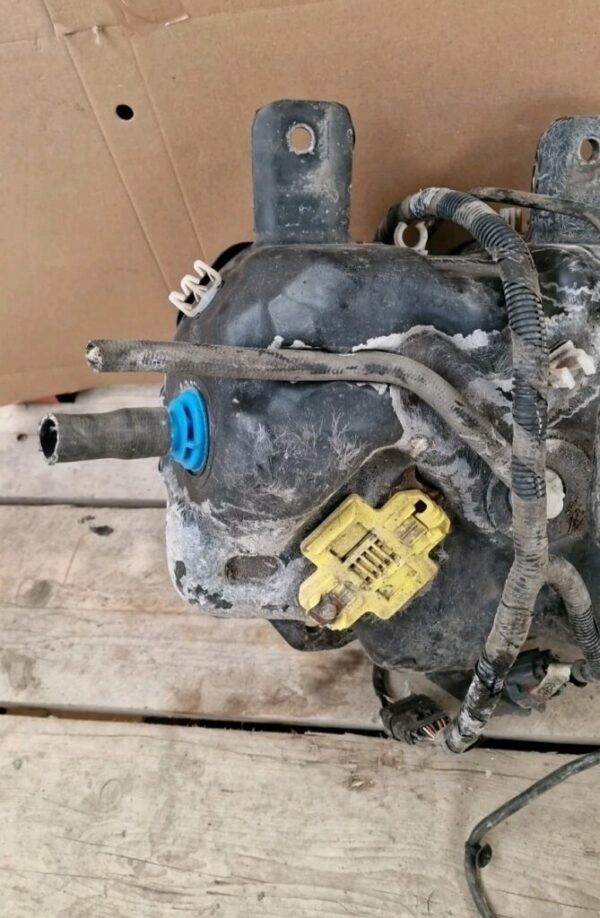 Ford Transit Custom Adblue Tank GK215J228AF (3) - Image 7
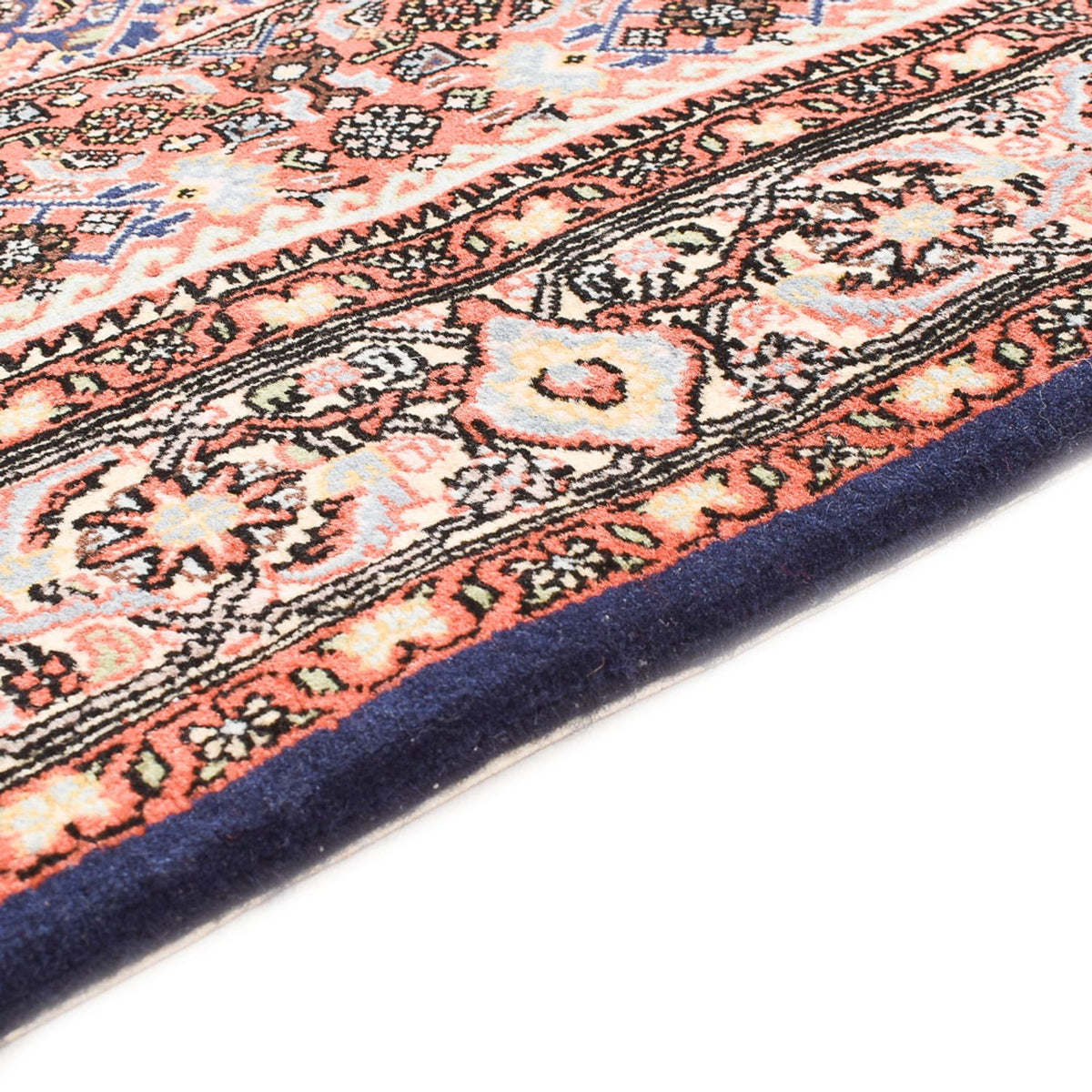 Perser Rug - Bidjar - 162 x 110 cm - rust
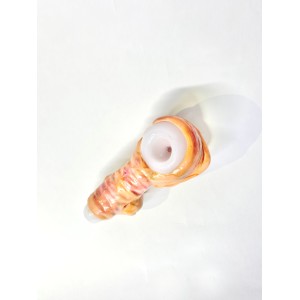 Стеклянная трубка Spoon Monsters BIG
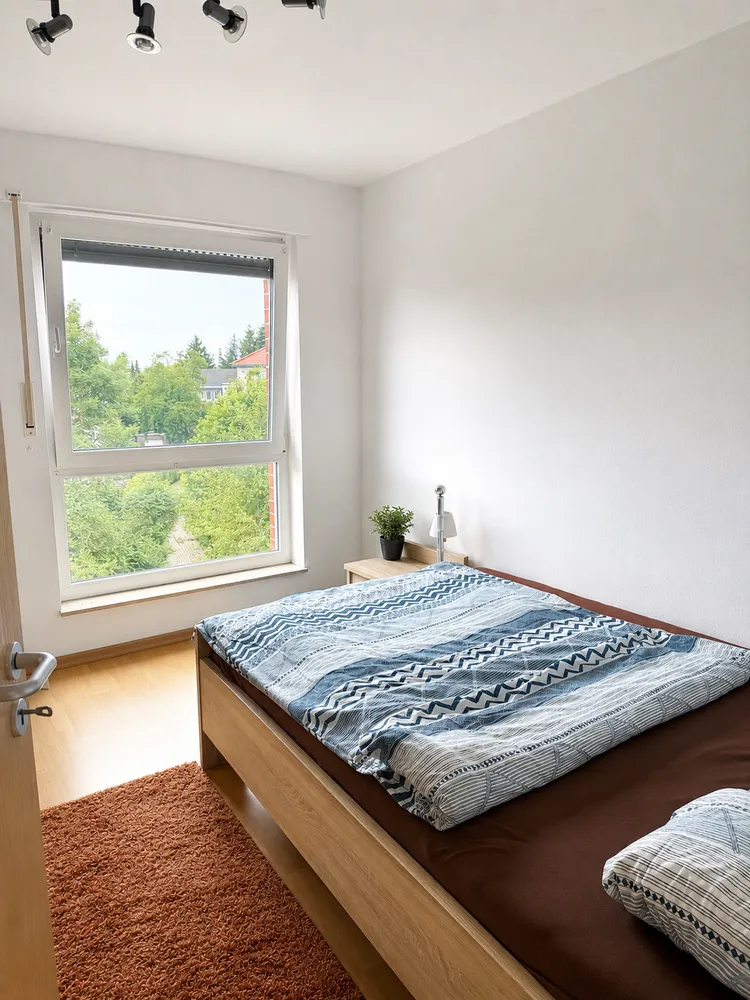 2 Zimmer Wohnung mit 65 m² in Oberhausen – Bild 9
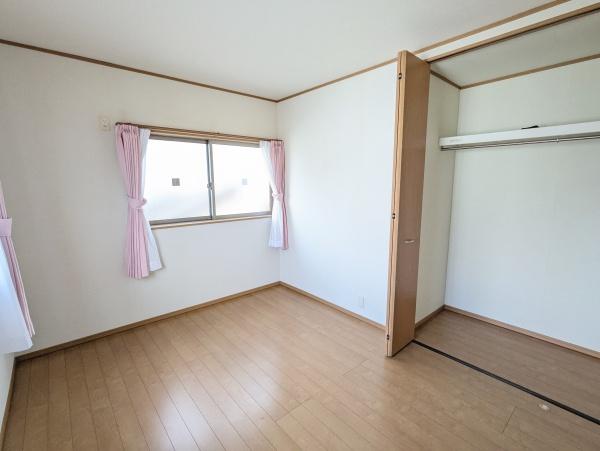 岡崎市中園町字宮西の中古一戸建て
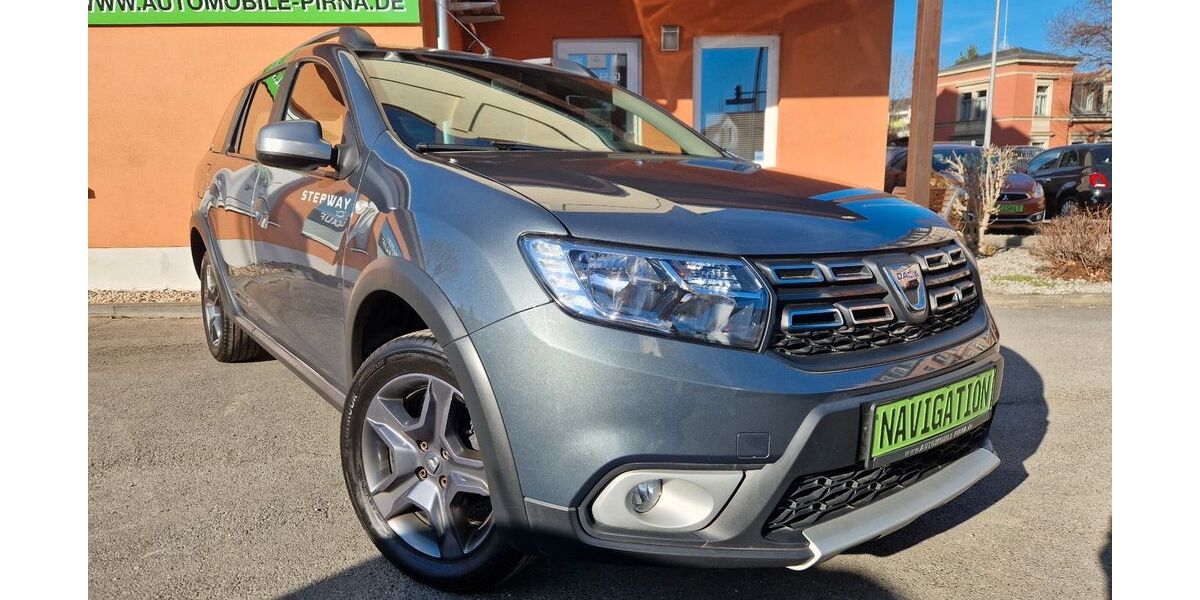 Dacia Logan 57.660 km 10.950 &euro; Pirna 01796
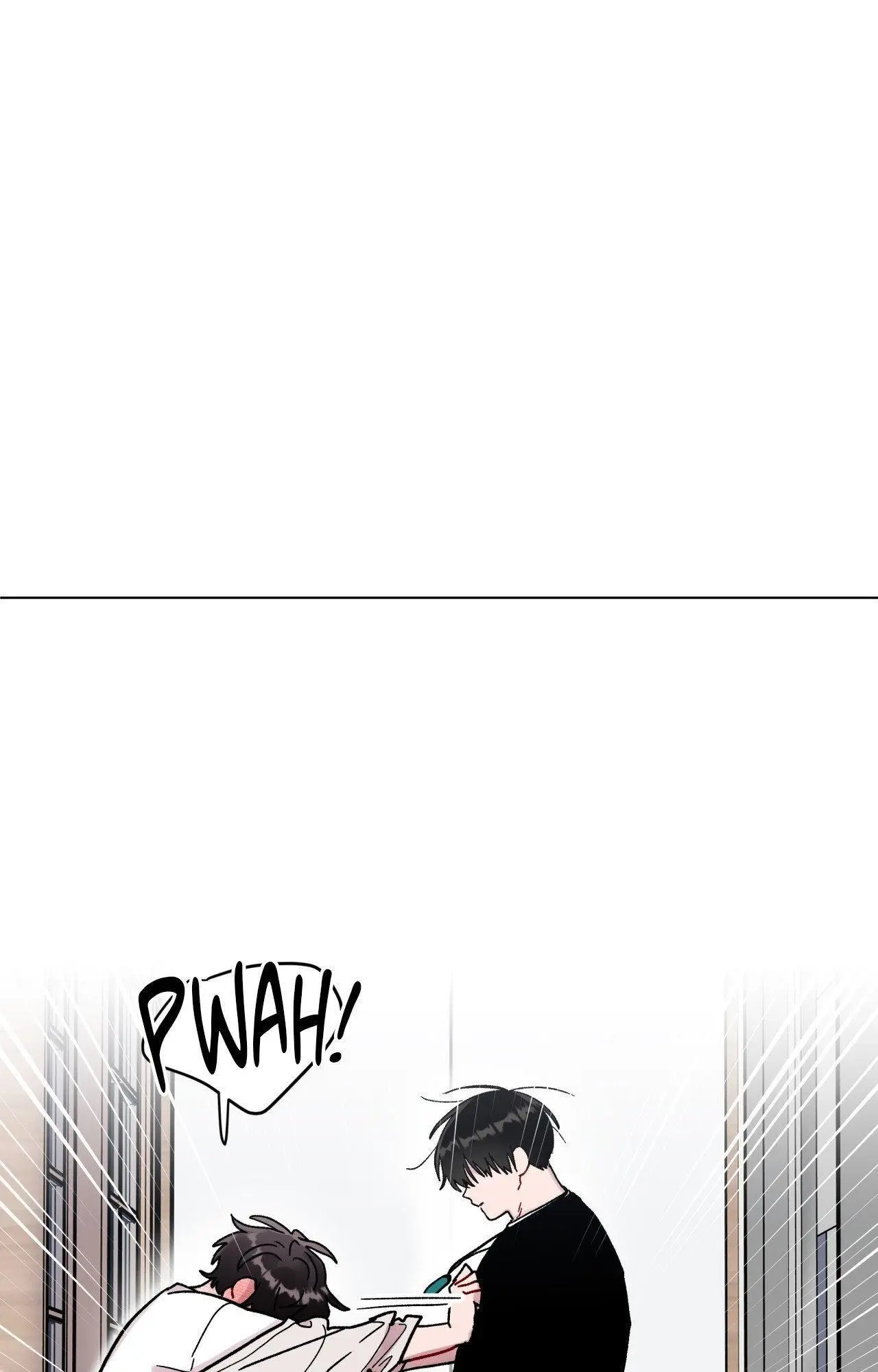 One Summer Day - Chapter 126 Page 17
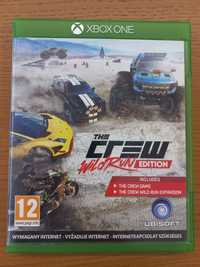 The Crew Wildrun Edition Xbox One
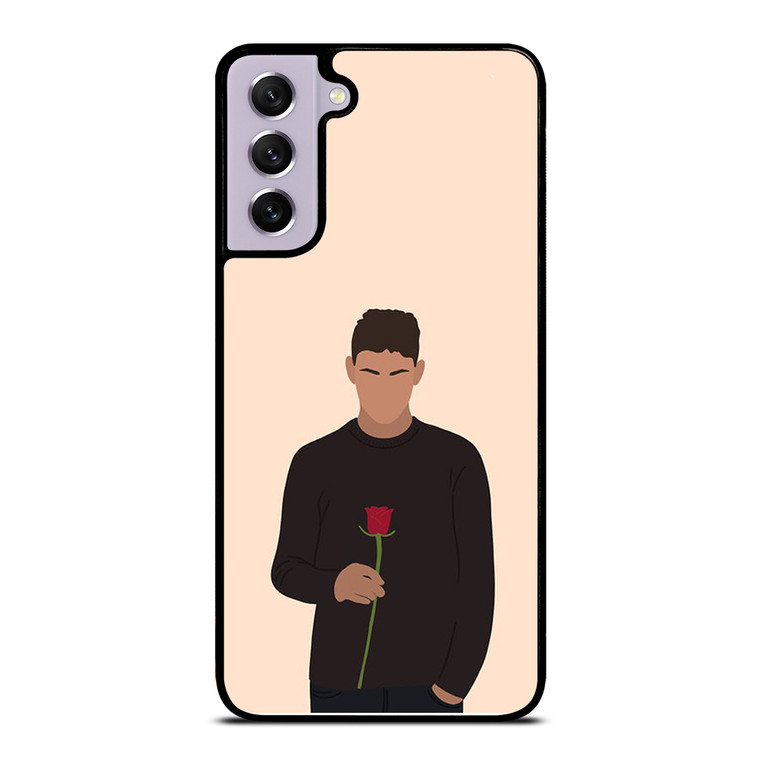 HARDIN SCOTT 2 Samsung Galaxy S21 FE Case Cover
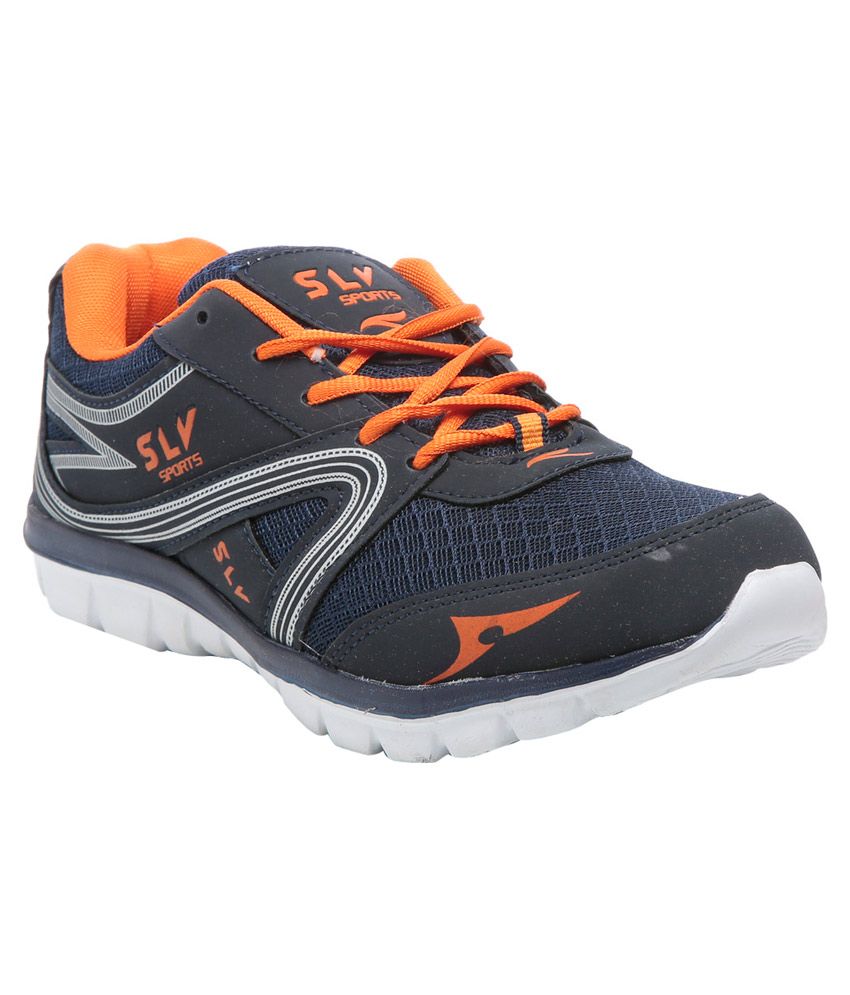 slv sports shoes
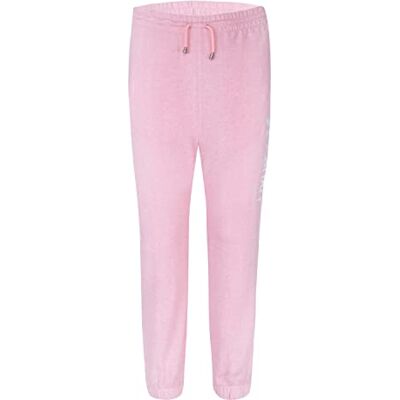 Hurley Hrlg Super Soft Jogger, Pantaloni Bambine e Ragazze Hurley Hrlg Super Soft Jogger, Pantaloni Bambine e Ragazze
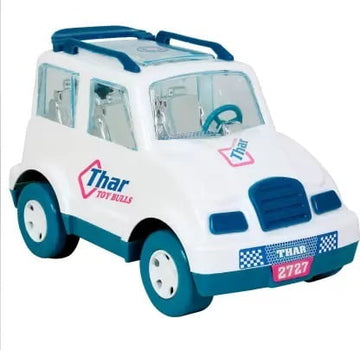 Toybulls Thar Jeep Kids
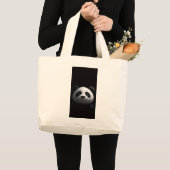 Jouer Sac fourre-tout Panda (Devant (produit))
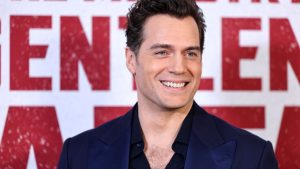 Henry Cavill lidera reboot de Highlander e promete dedicação total ao papel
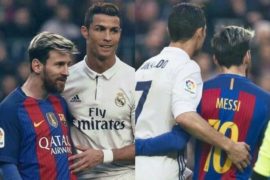 UEFA Lists Nine Historic Records… C. Ronaldo And L. Messi Are Yet To Break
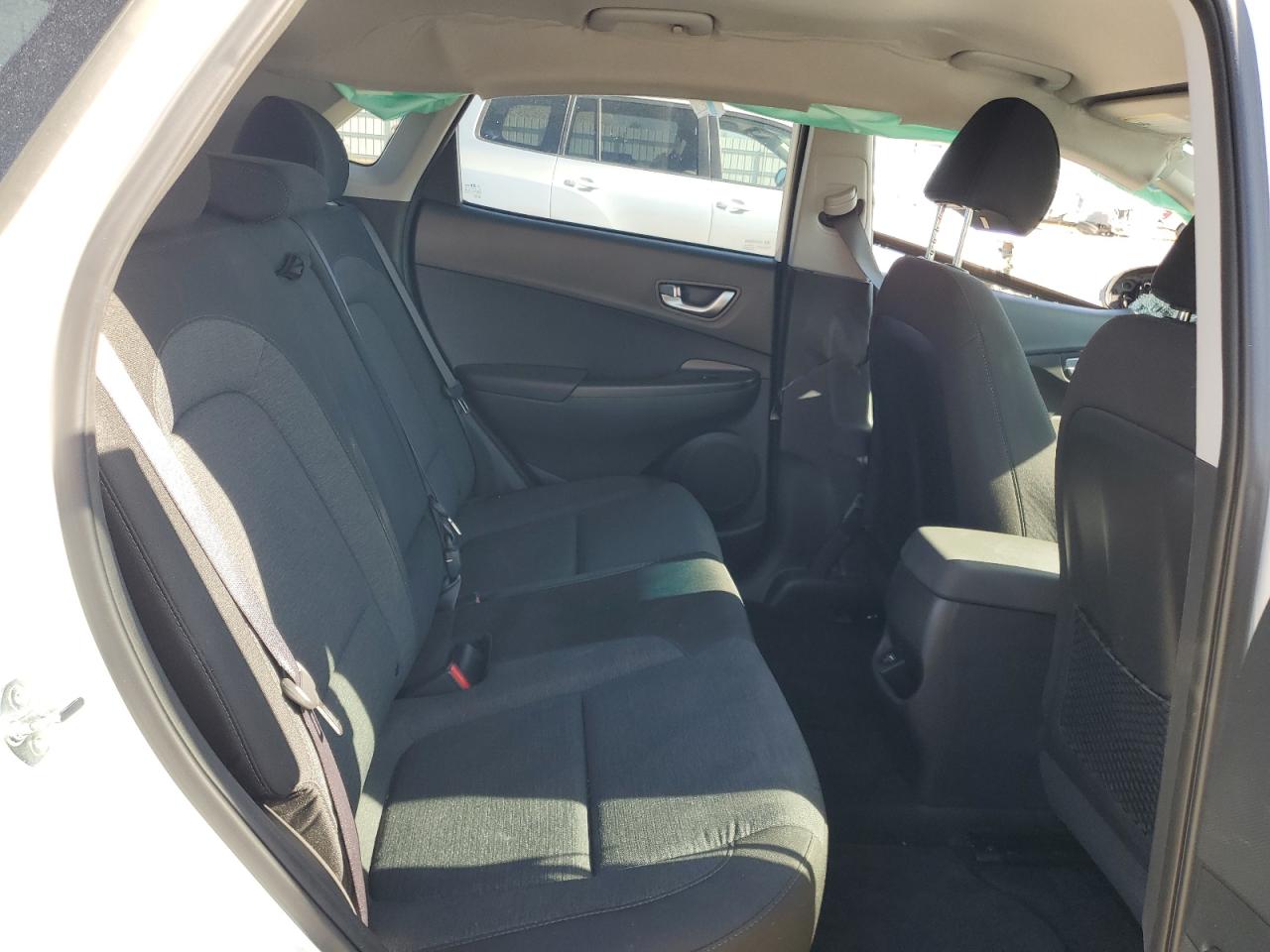 2023 HYUNDAI KONA SE VIN:KM8K23AG5PU170224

**YOUR TASK**
Transcribe the material exactly, and leave out whatever pictures it holds.

**ANSWER SPACE**
 Ford Transit Custom Adblue Tank GK215J228AF (3) - Image 7
 Perser Rug - Bidjar - 162 x 110 cm - rust
 Стеклянная трубка Spoon Monsters BIG
 2 Zimmer Wohnung mit 65 m² in Oberhausen – Bild 9
 岡崎市中園町字宮西の中古一戸建て
 Dacia Logan 57.660 km 10.950 &euro; Pirna 01796
 One Summer Day - Chapter 126 Page 17
 The Crew Wildrun Edition Xbox One
 HARDIN SCOTT 2 Samsung Galaxy S21 FE Case Cover
 slv sports shoes
 Hurley Hrlg Super Soft Jogger, Pantaloni Bambine e Ragazze Hurley Hrlg Super Soft Jogger, Pantaloni Bambine e Ragazze
 Toybulls Thar Jeep Kids
 Jouer Sac fourre-tout Panda (Devant (produit))
 Henry Cavill lidera reboot de Highlander e promete dedicação total ao papel
 UEFA Lists Nine Historic Records… C. Ronaldo And L. Messi Are Yet To Break
 2023 HYUNDAI KONA SE VIN:KM8K23AG5PU170224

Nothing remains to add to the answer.